● YOUR TASK: In the entries below, which lines run from the one with "2017 Chevrolet Express" through the one with "High-Vis Vest Class 2"? Repeat exactly those, both included, and no pictures.

● DATA FOR REVIEW:
====

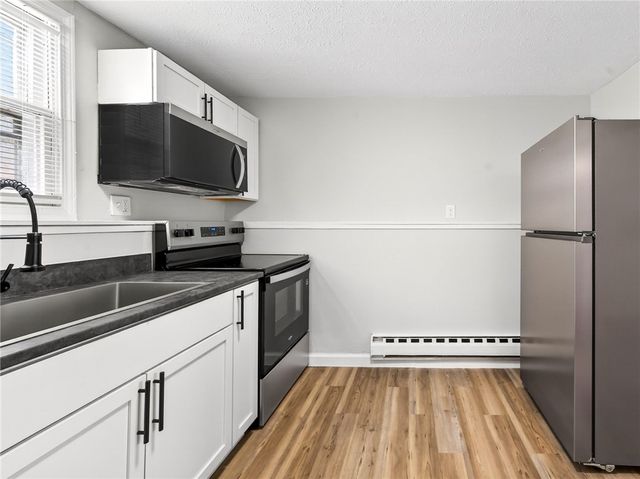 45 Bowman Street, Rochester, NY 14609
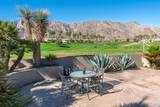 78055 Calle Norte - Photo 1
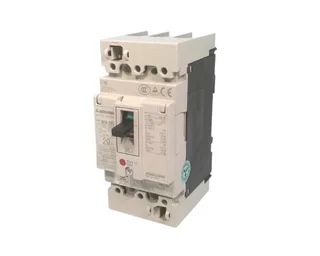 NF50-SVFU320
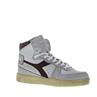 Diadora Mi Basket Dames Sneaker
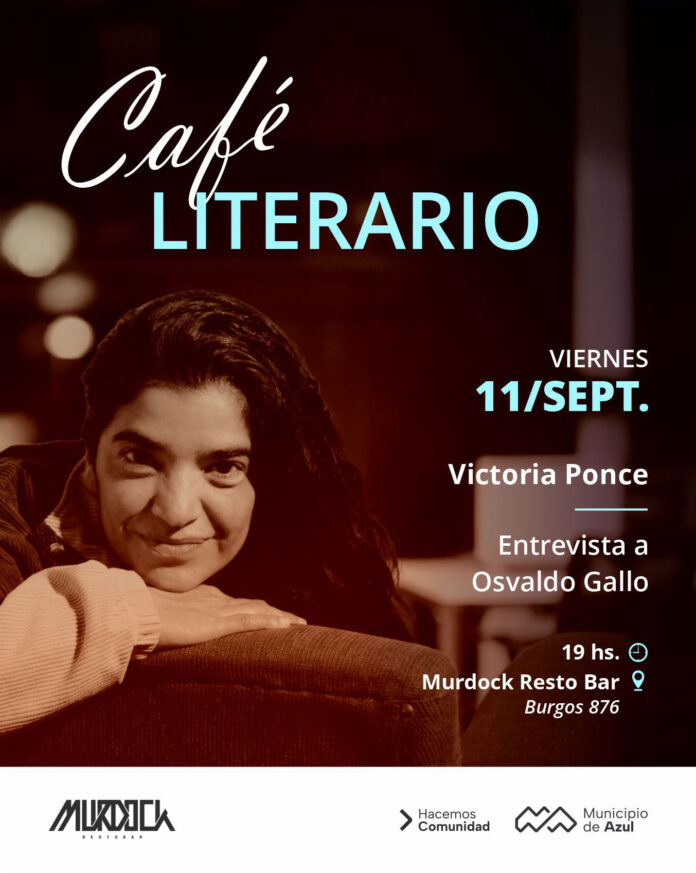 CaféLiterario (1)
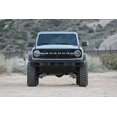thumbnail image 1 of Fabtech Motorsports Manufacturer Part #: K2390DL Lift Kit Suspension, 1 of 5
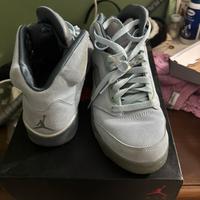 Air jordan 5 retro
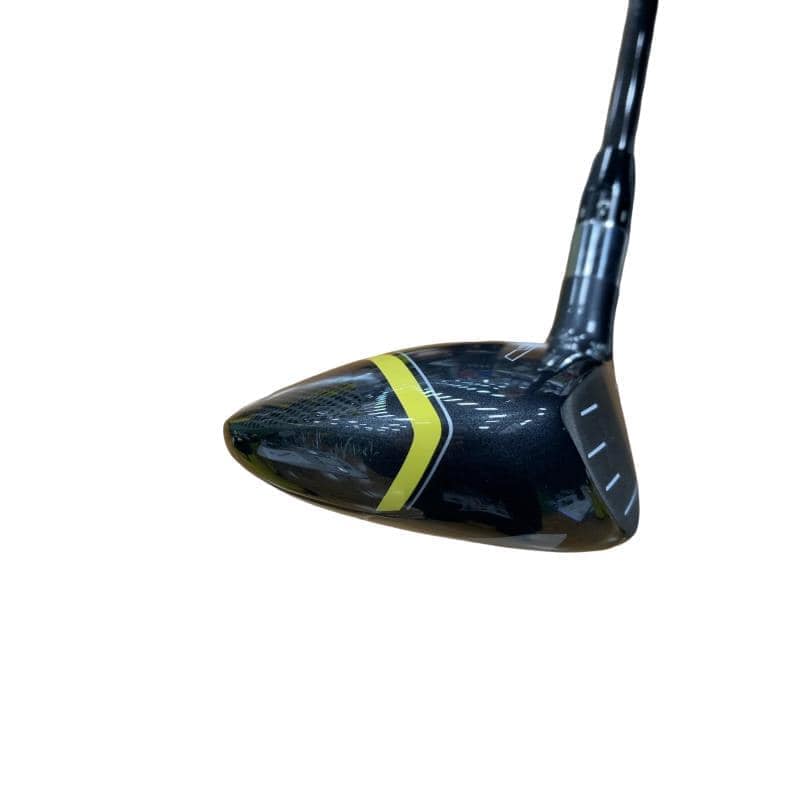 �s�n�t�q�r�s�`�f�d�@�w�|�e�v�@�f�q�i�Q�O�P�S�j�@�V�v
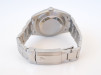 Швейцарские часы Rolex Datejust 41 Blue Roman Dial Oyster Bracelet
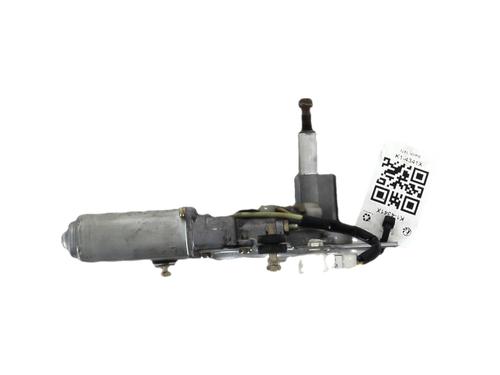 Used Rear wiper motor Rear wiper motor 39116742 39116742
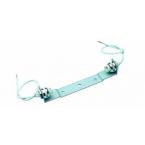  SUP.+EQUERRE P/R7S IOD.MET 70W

====

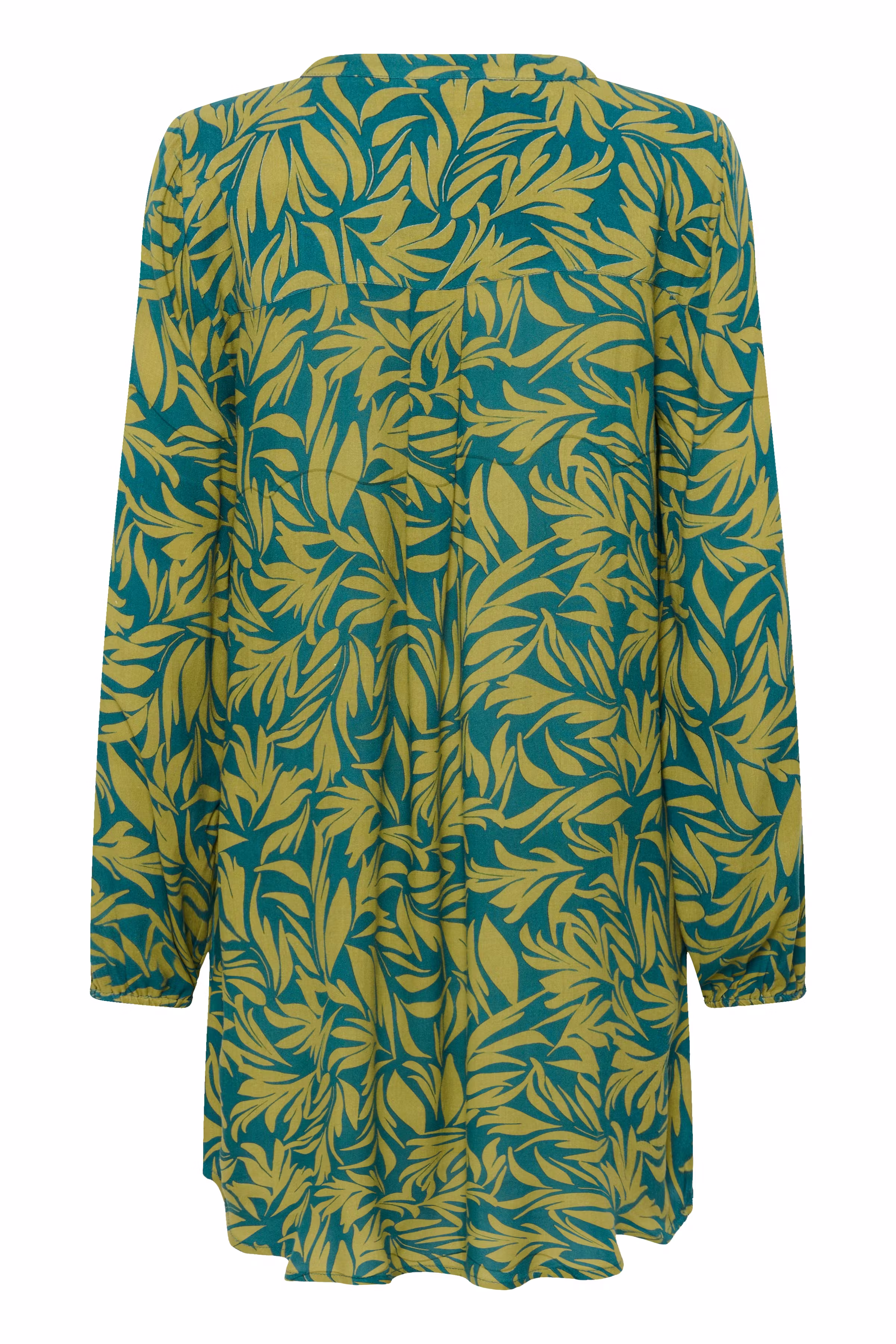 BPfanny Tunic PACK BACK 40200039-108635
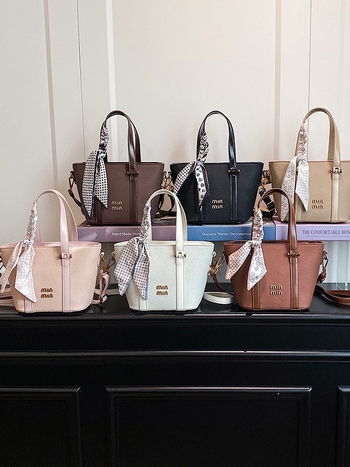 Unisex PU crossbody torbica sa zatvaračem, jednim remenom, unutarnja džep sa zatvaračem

====

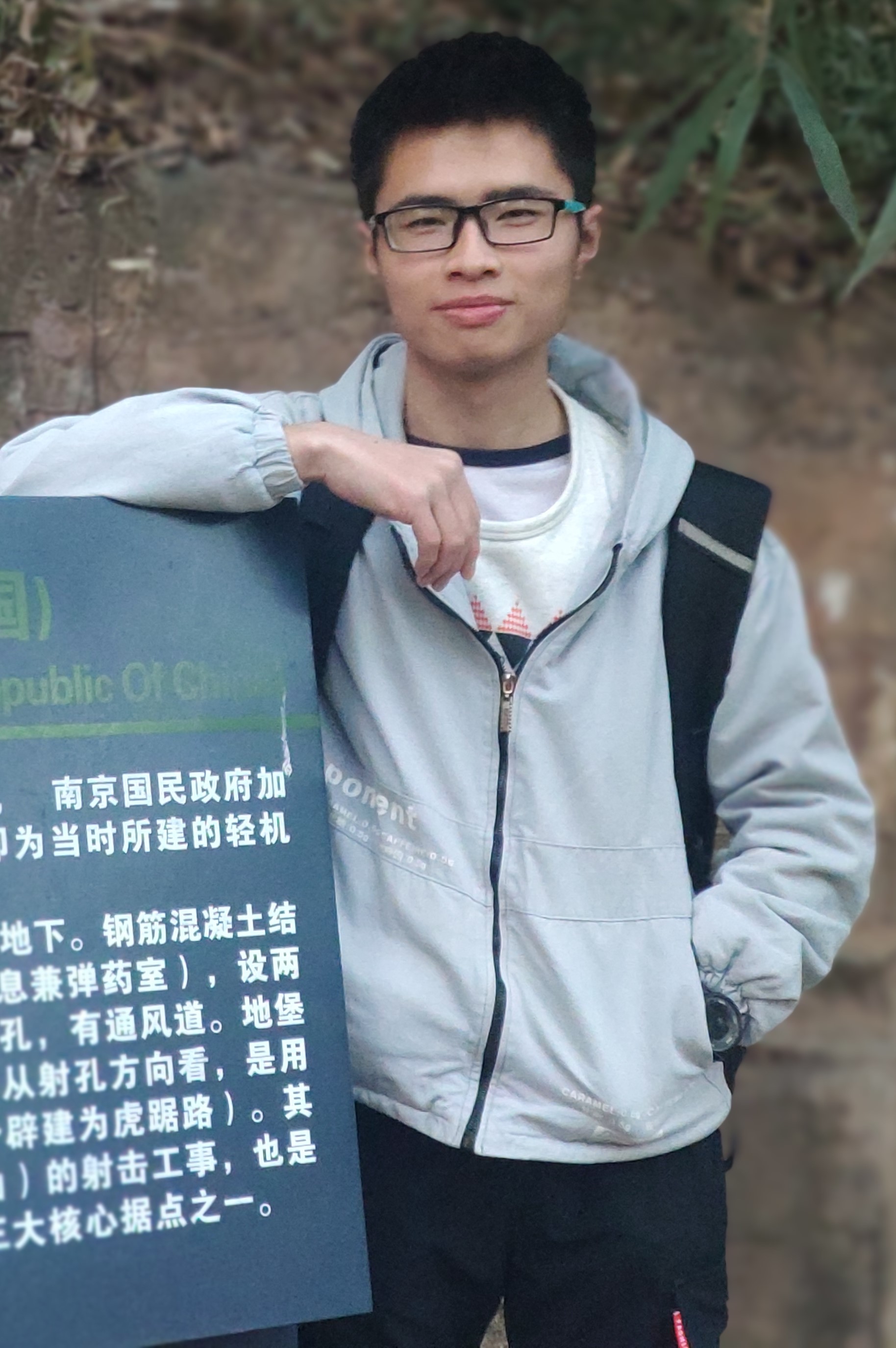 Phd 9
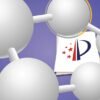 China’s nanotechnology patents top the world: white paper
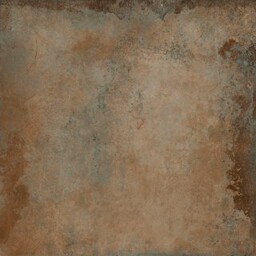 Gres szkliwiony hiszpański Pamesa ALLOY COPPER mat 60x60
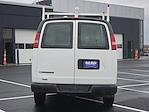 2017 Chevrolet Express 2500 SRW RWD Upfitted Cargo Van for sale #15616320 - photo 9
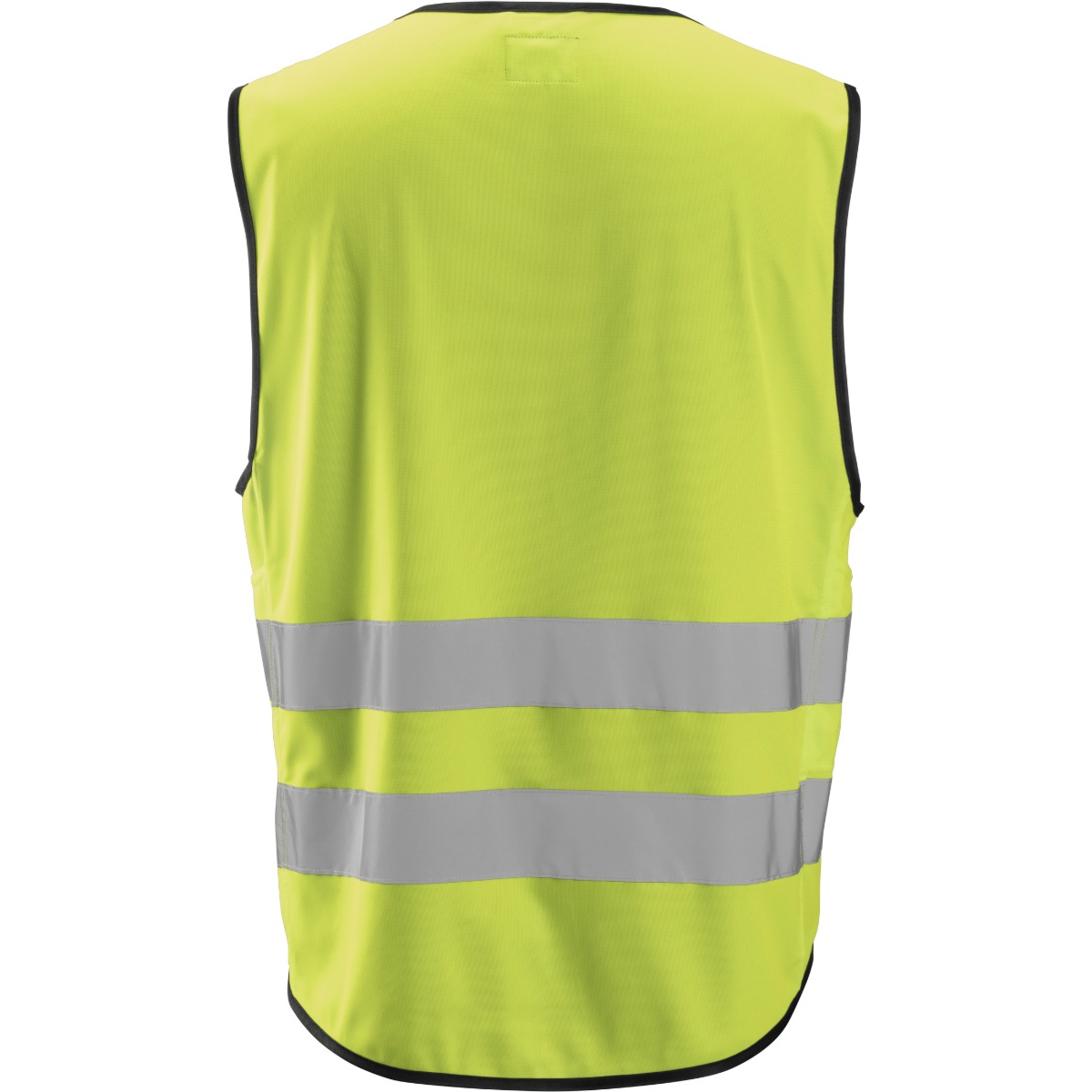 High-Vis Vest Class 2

====

● OUTPUT FOR THIS EXERCISE:
 2017 Chevrolet Express 2500 SRW RWD Upfitted Cargo Van for sale #15616320 - photo 9
 High-Vis Vest Class 2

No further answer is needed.